Citizens whose telephone records turn into evidence for federal civil suits involving other people may not know about it and can’t do much about it if they do know.
They can challenge subpoenas that phone companies receive, if the companies elect to notify them, but they must move at lightning speed.
Depending upon the scope of the requests, it may be difficult to challenge the subpoena even if the citizen has notice that it was issued.
Court rules that protect those who receive subpoenas don’t necessarily protect phone owners like the editor of this newspaper, whose phone company received a subpoena for seven years of her cellular phone records.
She received a notice of the subpoena from AT&T, though AT&T stated in its letter that no law requires a notice.
AT&T advised that if she had questions or wanted to quash the subpoena, she should call the Chicago lawyer who signed it. It gave his number.
Just as AT&T didn’t have to tell its customer it received a subpoena, the Chicago lawyer didn’t have to tell Chief District Judge David Herndon that he would serve it.
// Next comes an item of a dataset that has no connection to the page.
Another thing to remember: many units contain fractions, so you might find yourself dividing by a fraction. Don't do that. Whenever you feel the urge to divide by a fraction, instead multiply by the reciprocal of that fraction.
A subpoena in a federal civil suit does not require a judge’s signature, so a lawyer authorized to practice in that court can sign and serve a subpoena.
Federal courts provide blank subpoena forms on hand for use by lawyers who ask for them.
The rules for subpoenas contain only one provision for a person affected by a subpoena that someone else received.
The provision allows a judge to quash a subpoena if, for example, the affected person shows it would reveal a trade secret, confidential research or commercial matter, or would require the affected person to incur substantial expense to travel to attend a trial.